FRANK BLAKE: Well done, sheriff. And does he stay in touch?

LINDY WOOD: Yes, he's still involved in the rodeo. They're very much in touch. They come out here.

FRANK BLAKE: So you do annual rodeo, is for your fundraiser, is that-

LINDY WOOD: Yes. And it has grown to be a well-loved community event. We host it at the Freeport City Sports Complex and we bring all the arena in and we have around 3,000 people attend each night. We do a two-night show, but it's a lot of fun. It's a way that everybody in the community, all walks, they can come and buy a ticket for $20 and know that they've contributed to something much bigger than just going to a rodeo. They're helping these young people. They're helping sustain a program that's changing lives. And so yeah, we love that fundraiser. That was the birth of Weston Wood, kind of the unveiling of it to this community. And the sheriff's office has been great and they continue to play a huge part in that event and just our day-to-day. They're involved, and they care, and they really expanded their programs in terms of we provide training to their deputies on how to deal with individuals on the spectrum in a situation. So it all has grown to more community awareness and something, it's been a great partnership and I'm thankful for that.

FRANK BLAKE: And for people who are listening to this and are so impressed, as I am impressed by yourself and what you're doing, where should they go to learn more about what you're doing and how to support you?

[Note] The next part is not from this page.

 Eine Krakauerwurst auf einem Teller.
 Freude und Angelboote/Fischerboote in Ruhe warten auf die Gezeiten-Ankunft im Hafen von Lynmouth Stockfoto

LINDY WOOD: They can visit our website. It's westonwood.org, that has some information. And we are on Facebook and Instagram. And our Facebook, we're pretty active and it kind of highlights some of the great things our young people are doing and things that we're doing in the community. And I encourage people if you live close to us and you just want to come see it, come see it, and you won't regret it. And I promise you that you will be filled with a different kind of joy when you leave here. I'm an open book and I've had conversations on the phone with other moms or parents who want to try to start something in other regions. I love relationships and you can't do it all in a silo. It takes a community and it takes a lot of crazy good turns.

FRANK BLAKE: It does that. Well, thank you, Lindy. What an inspiring story. This is just awesome. Really appreciate it.

LINDY WOOD: Oh, I'm so thankful, so humbled. Thank you for the opportunity to share and goodness for y'all reaching out. I'm truly honored. So thank you.